THE INPUT -
• • •
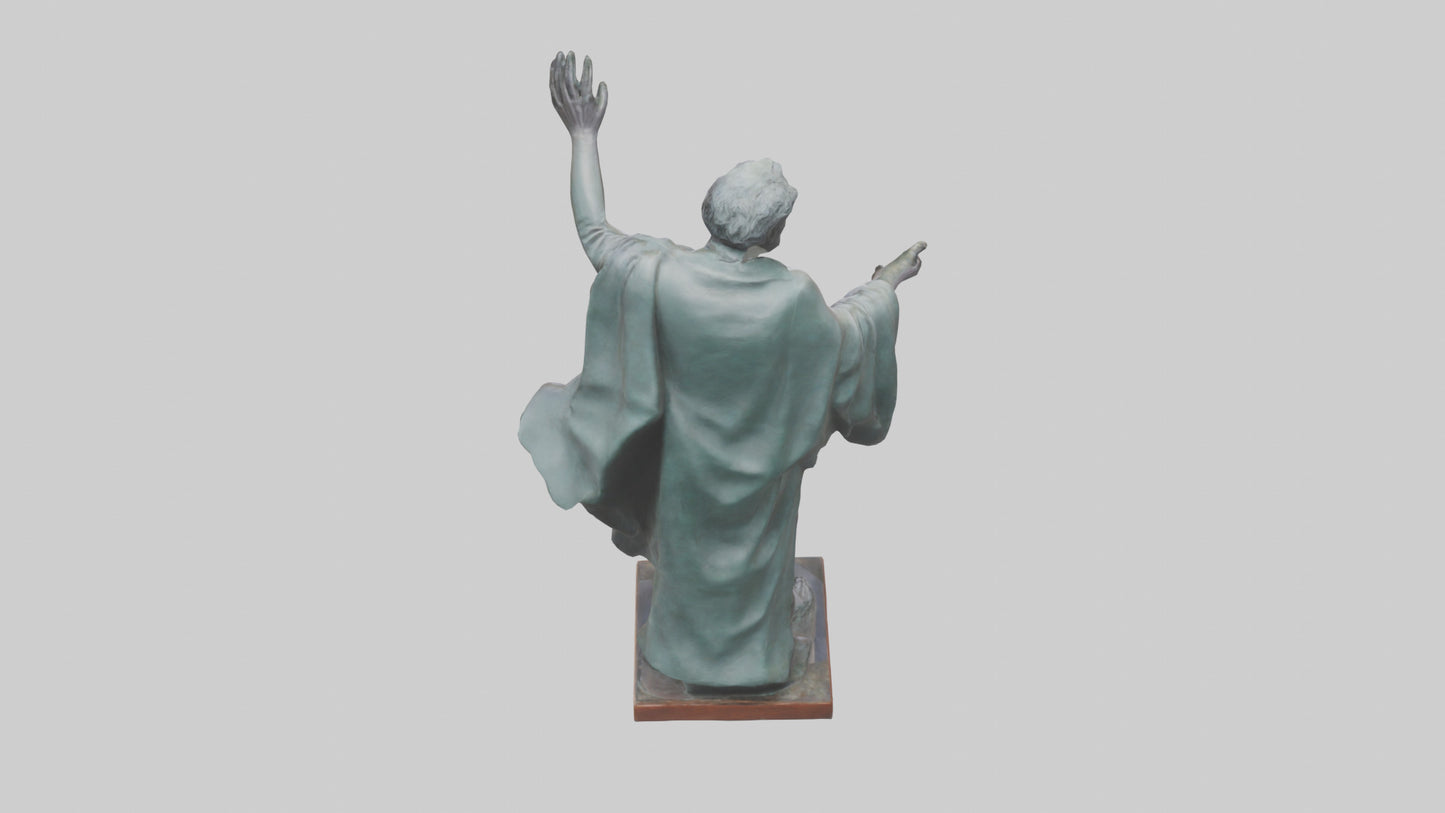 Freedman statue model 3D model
• • •
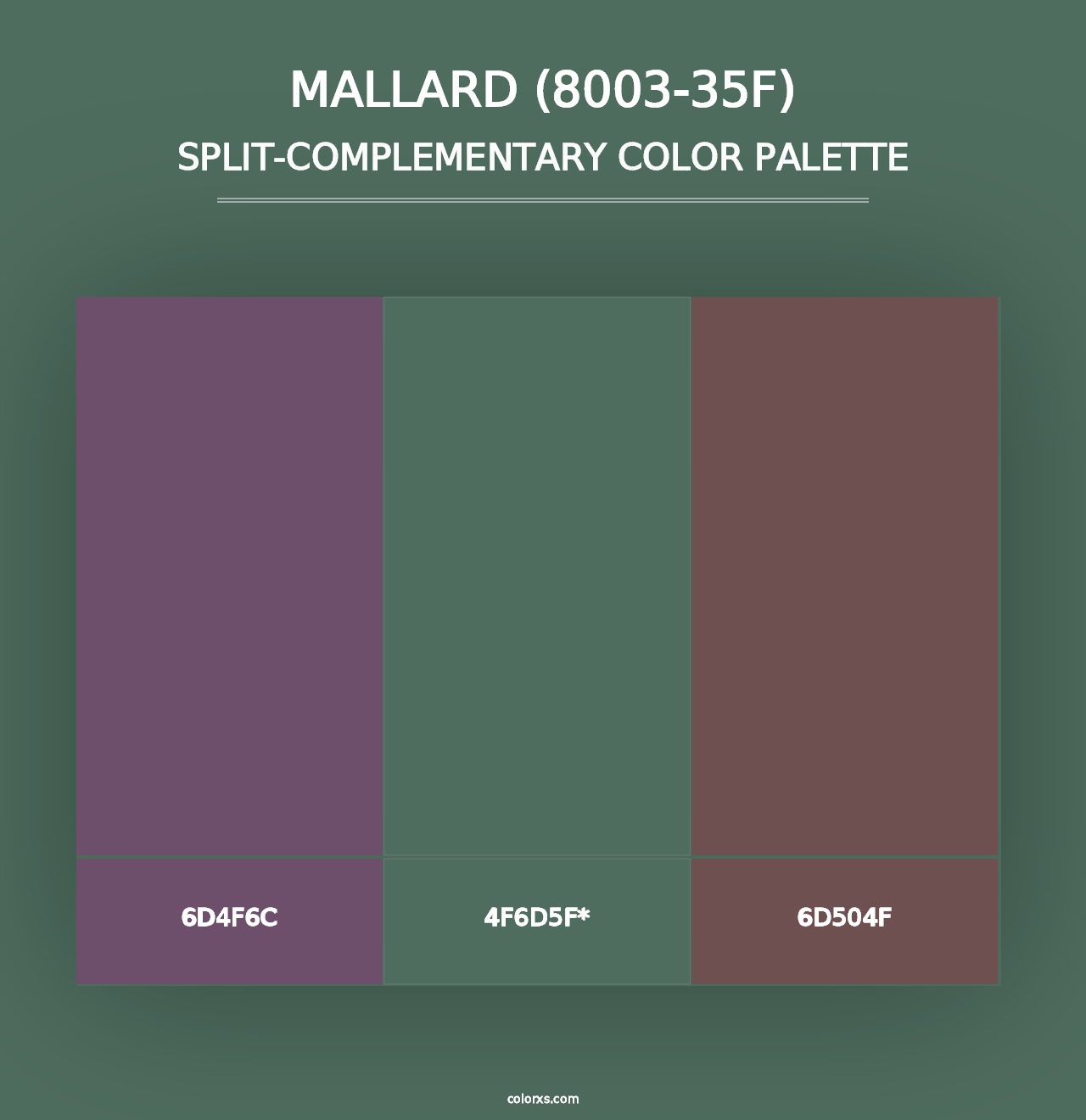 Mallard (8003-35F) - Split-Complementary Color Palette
• • •
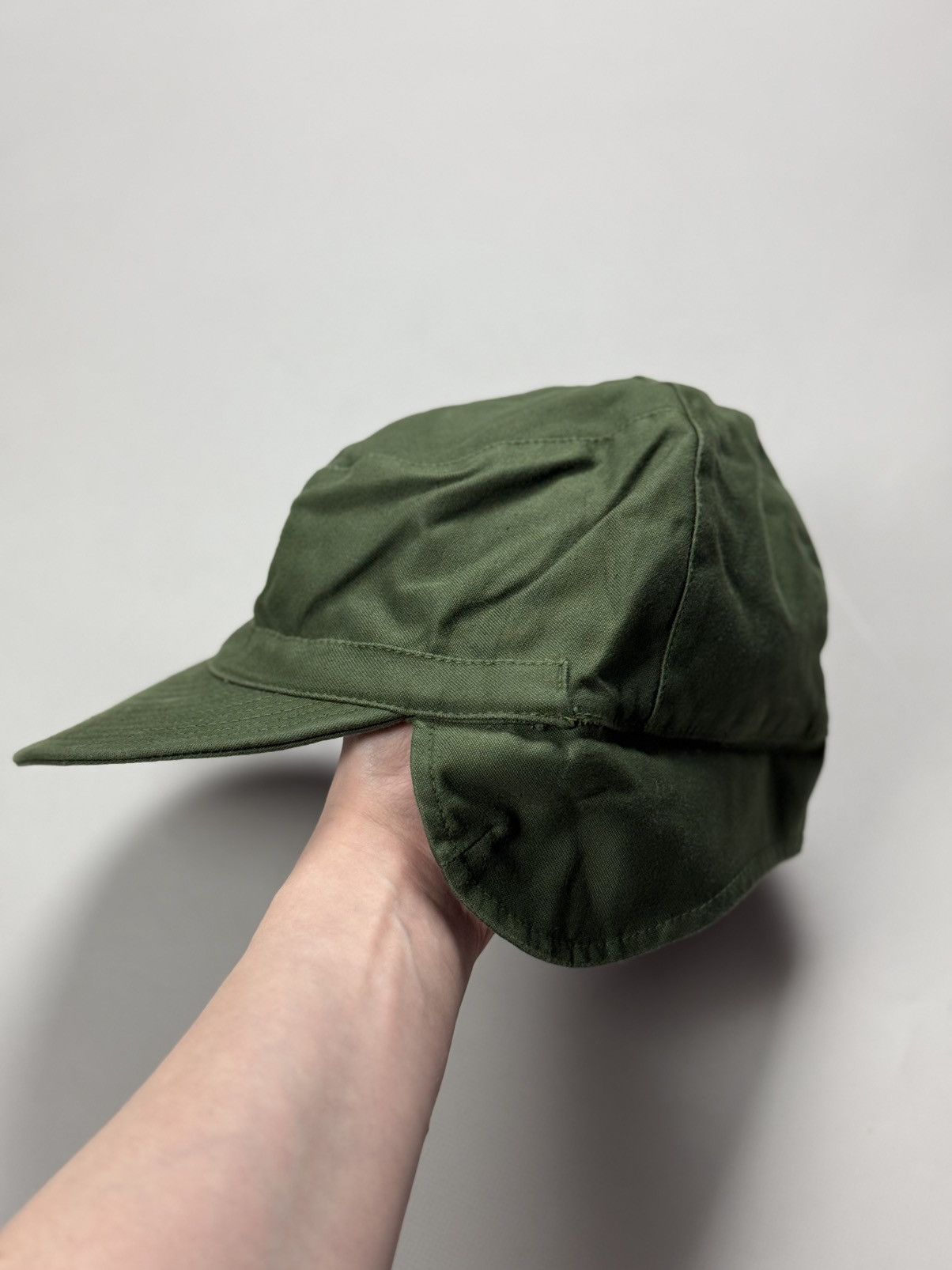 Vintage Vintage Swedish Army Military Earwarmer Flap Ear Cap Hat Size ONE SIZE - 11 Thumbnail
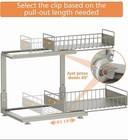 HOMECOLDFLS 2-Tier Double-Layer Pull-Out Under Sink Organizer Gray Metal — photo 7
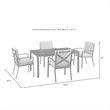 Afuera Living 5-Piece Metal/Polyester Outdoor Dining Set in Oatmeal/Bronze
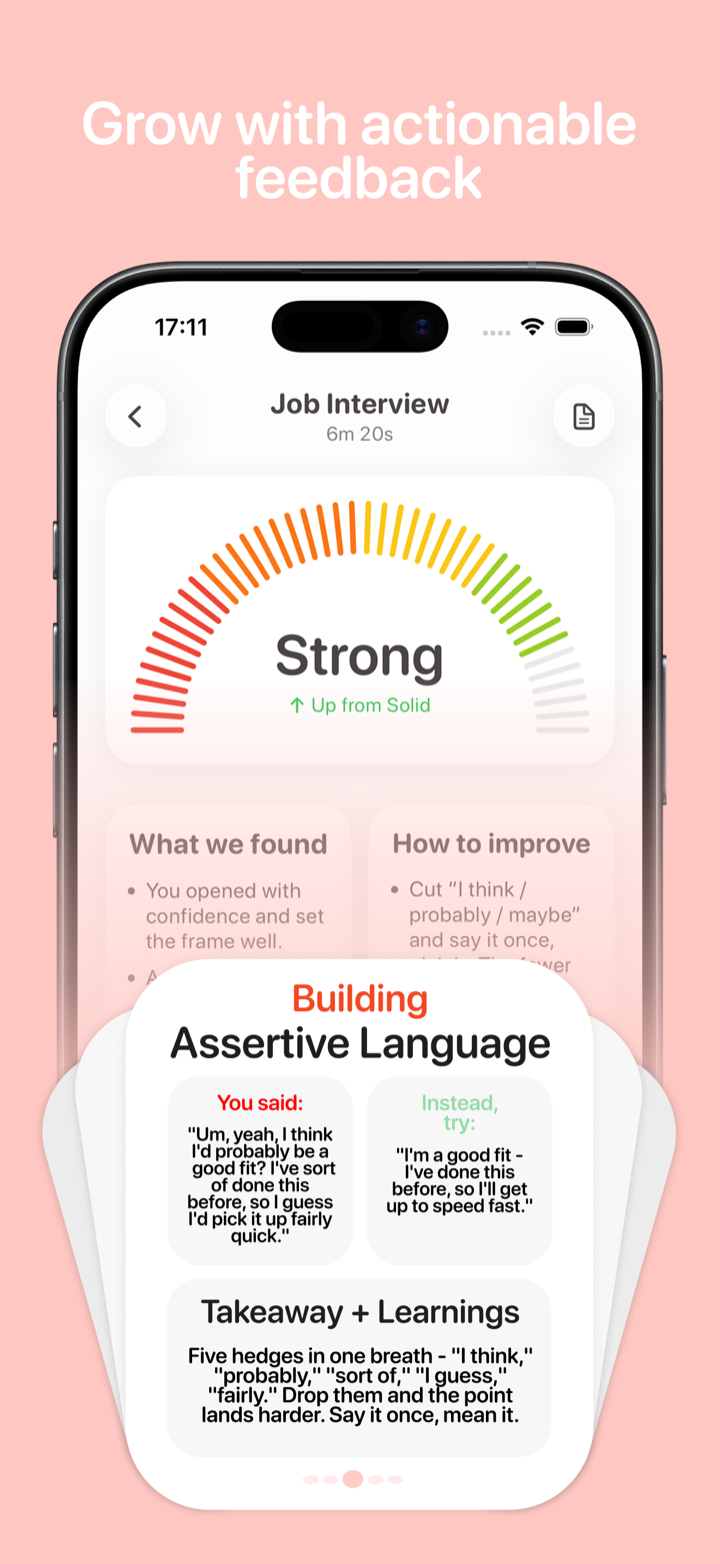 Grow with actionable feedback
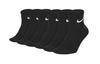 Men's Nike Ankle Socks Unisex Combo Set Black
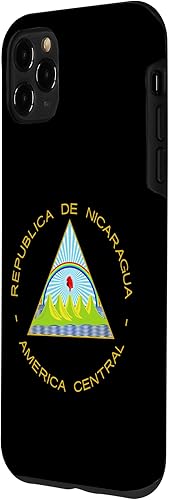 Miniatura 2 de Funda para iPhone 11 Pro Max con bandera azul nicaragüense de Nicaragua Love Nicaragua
• • •
BRIEF - Make an exact copy of the lines above, beginning with the line with "HOMECOLDFLS 2-Tier Double-Layer" and ending with the line with "Miniatura 2 de", and keep the pictures out of it.

EXERCISE SOLUTION -
 HOMECOLDFLS 2-Tier Double-Layer Pull-Out Under Sink Organizer Gray Metal — photo 7
 Afuera Living 5-Piece Metal/Polyester Outdoor Dining Set in Oatmeal/Bronze
 Grow with actionable feedback
 Men's Nike Ankle Socks Unisex Combo Set Black
 Miniatura 2 de Funda para iPhone 11 Pro Max con bandera azul nicaragüense de Nicaragua Love Nicaragua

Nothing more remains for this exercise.